In order to define an API key for a given provider, there are three primary options:

  1. Directly include it in the YAML configuration file.

  2. Use an environment variable to store the API key and reference it in the YAML configuration file.

  3. Define your API key in a file and reference the location of that key-bearing file within the YAML configuration file.

If you choose to include the API key directly, replace $OPENAI_API_KEY in the YAML file with your actual API key.

Warning

The MLflow AI Gateway service provides direct access to billed external LLM services. It is strongly recommended to restrict access to this server. See the section on security for guidance.

If you prefer to use an environment variable (recommended), you can define it in your shell environment. For example:

export OPENAI_API_KEY="your_openai_api_key"

Note: Replace “your_openai_api_key” with your actual OpenAI API key.

AI Gateway Configuration Details

The MLflow AI Gateway service relies on a user-provided configuration file. It defines how the gateway interacts with various language model providers and dictates the routes that users can access.

The configuration file is written in YAML and includes a series of sections, each representing a unique route. Each route section has a name, a type, and a model specification, which includes the provider, model name, and provider-specific configuration details.

Here are the details of each configuration parameter:

General Configuration Parameters
  • routes: This is a list of route configurations. Each route represents a unique endpoint that maps to a particular language model service.

Each route has the following configuration parameters:

  • name: This is the name of the route. It needs to be a unique name without spaces or any non-alphanumeric characters other than hyphen and underscore.
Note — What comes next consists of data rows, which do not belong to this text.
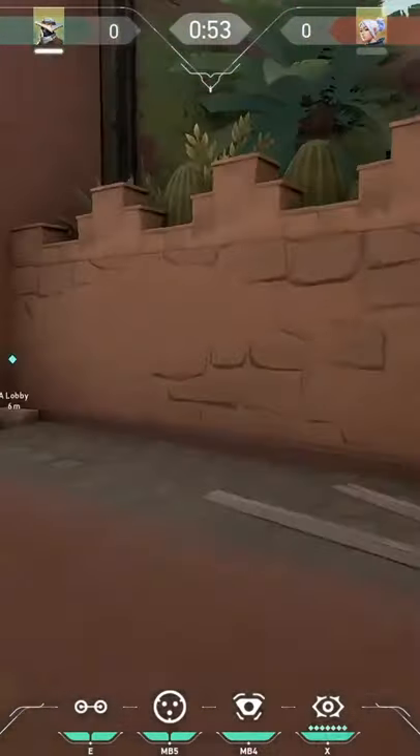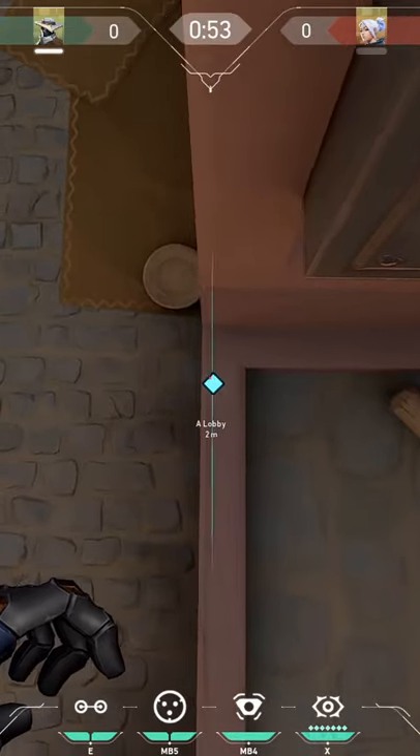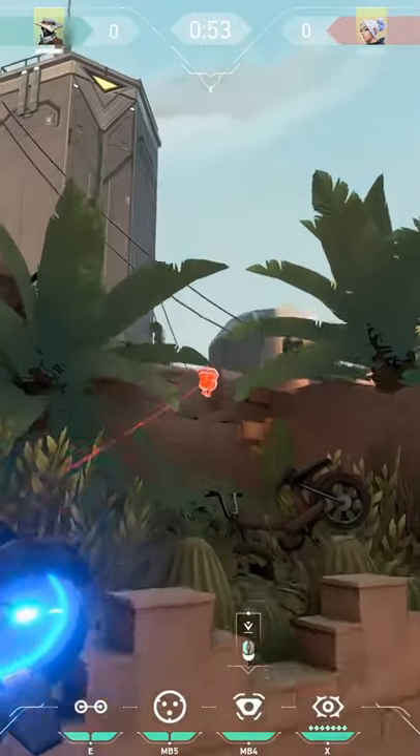First, get on this ledge. Next, go to the very left edge — it should look like you're floating. Then aim your cursor right below the fallen brick. Jump and release your camera.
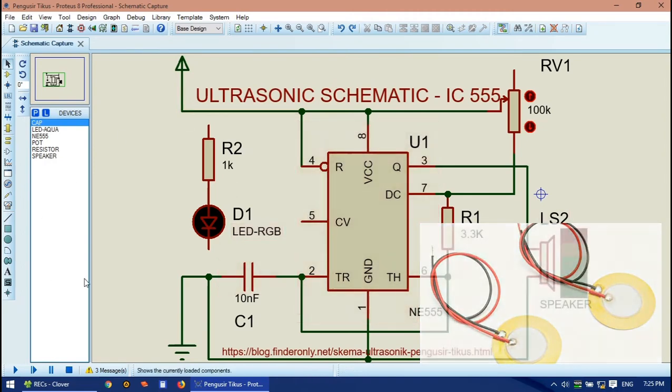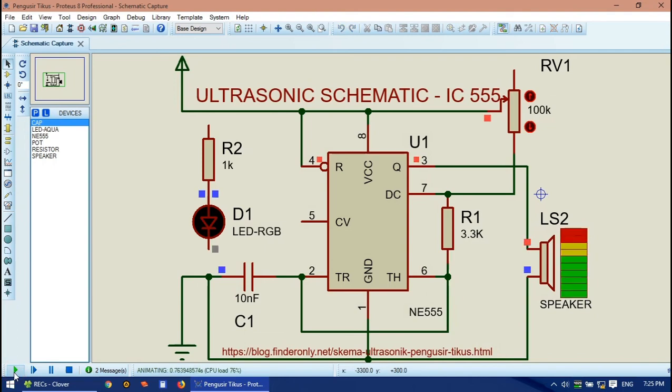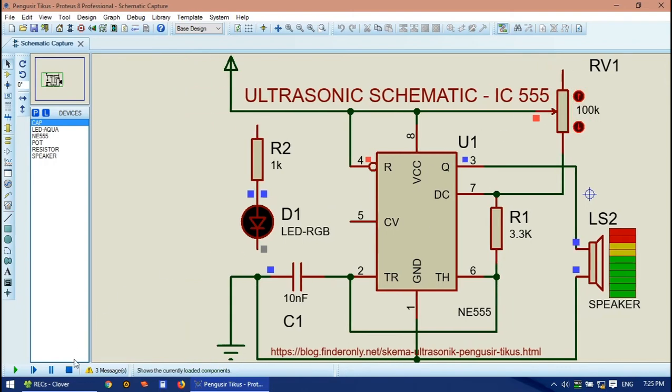Let's start to simulate this schematic. As you may have seen, when I drag the potentiometer to a lower value, the sound this schematic produces gets lower. But when the potentiometer is dragged to a higher value, the frequency of the sound gets higher. In order to make an ultrasonic sound, which is more than 20 kilohertz (20,000 Hz), you need to adjust the value of this potentiometer.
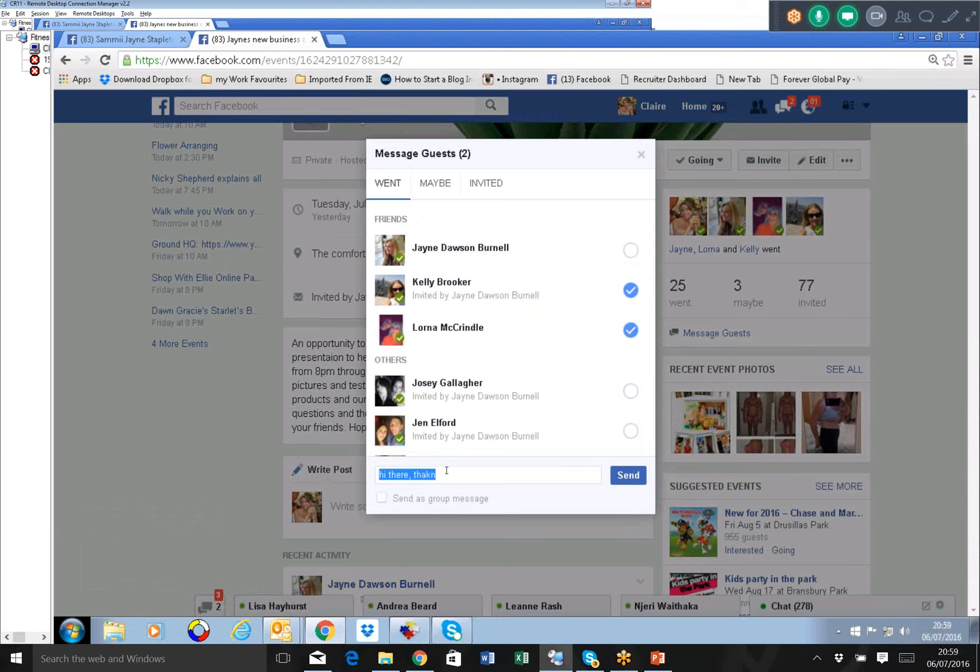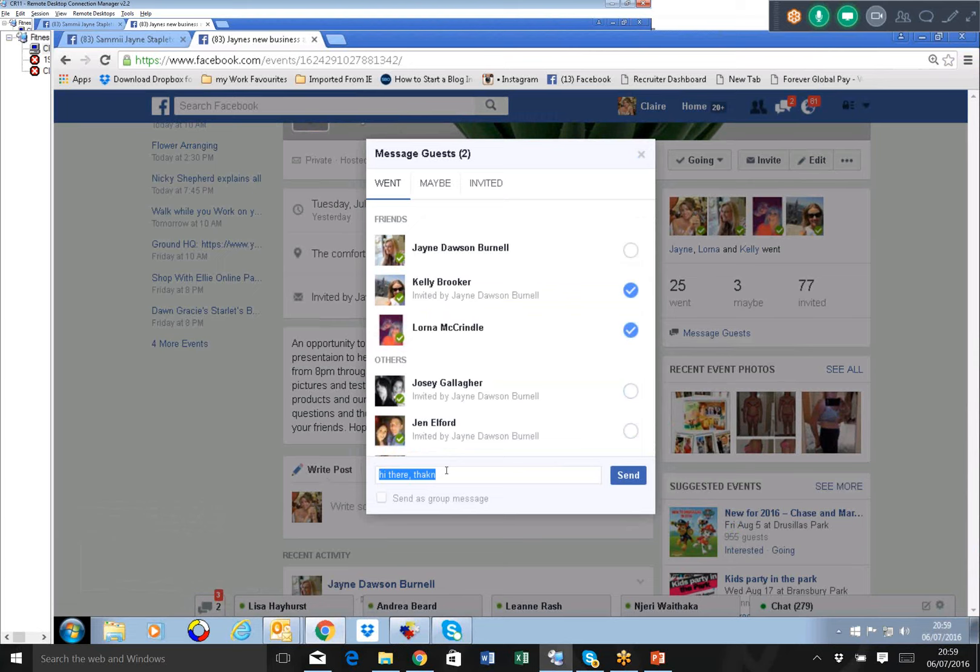I always send private messages - the people I know who accepted but weren't online, I send them a message saying sorry you were unable to log on this evening, the launch will still be on Facebook for you to view, please feel free to scroll through, and we'll invite you to the next one. I follow everybody up - that's really important. Then the next day, maybe 24 hours later, I'd send the people who were on the launch a little message saying I'm just about to place an order this evening, let me know if you'd like anything.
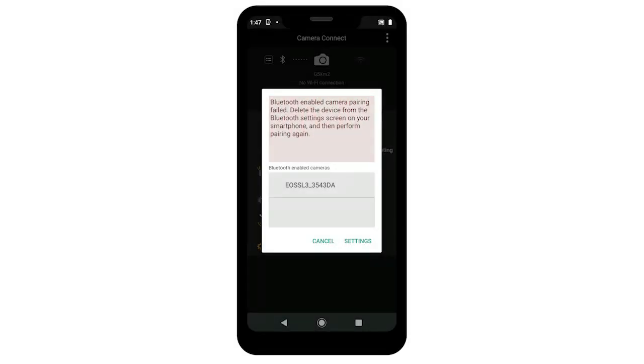It's the same error message when you try to connect the camera using the camera's nickname twice. Second, if you reset your camera's wireless settings, make sure to also go into your mobile device's Bluetooth settings and remove the camera from the list by selecting Forget This Device.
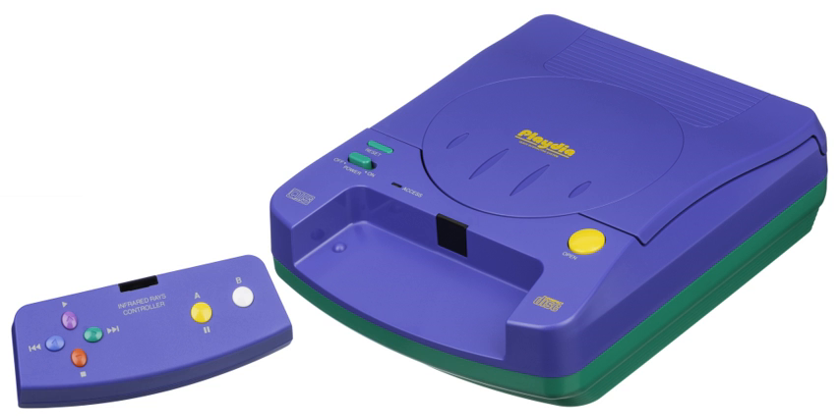BAP D08: 12/08 Shupatsu Dobutsu Tankentai (BAP D09); 12/16 Ultra 7: Chikyu Boe Sakusen (BAP D10); 12/16 Dragon Ball Z: Shin Saiyajin Zetsumetsu Kikaku Uchu Hen (BAP D11).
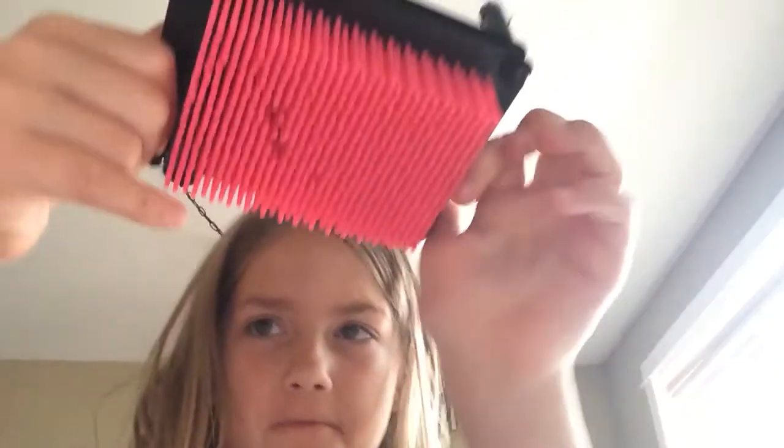Hey guys, it's Kevin. I have this — I don't know what this is called. I'm going to ask for that. What is this? It's a toy.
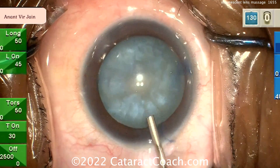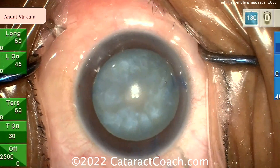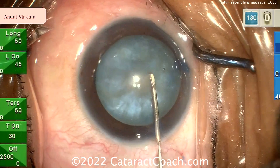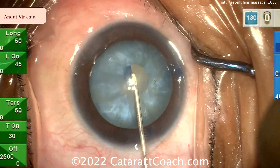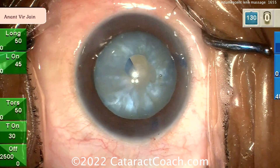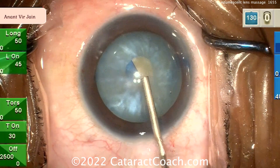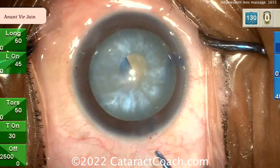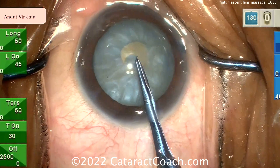Going inside here with more viscoelastic, and now needle decompression. Starting the rexus — looks like there's a little milk coming out. Double rexus technique — I like a baby rexus. Double rexus is a great idea: make one small rexus right off the bat quickly so that you have a nice, round, intact opening so it's not going to run out. Now you can really decompress.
  • route_type: This specifies the type of service offered by this route. This determines the interface for inputs to a route and the returned outputs. Current supported route types are:

    • “llm/v1/completions”

    • “llm/v1/chat”

    • “llm/v1/embeddings”

  • model: This defines the provider-specific details of the language model. It contains the following fields:

    • provider: This indicates the provider of the AI model. It accepts the following values:

      • “openai”

      • “mosaicml”

      • “anthropic”

      • “cohere”

      • “palm”

      • “azure” / “azuread”

      • “mlflow-model-serving”

      • “huggingface-text-generation-inference”

      • “ai21labs”

      • “bedrock”

      • “mistral”

      • “togetherai”

    • name: This is an optional field to specify the name of the model.

    • config: This contains provider-specific configuration details.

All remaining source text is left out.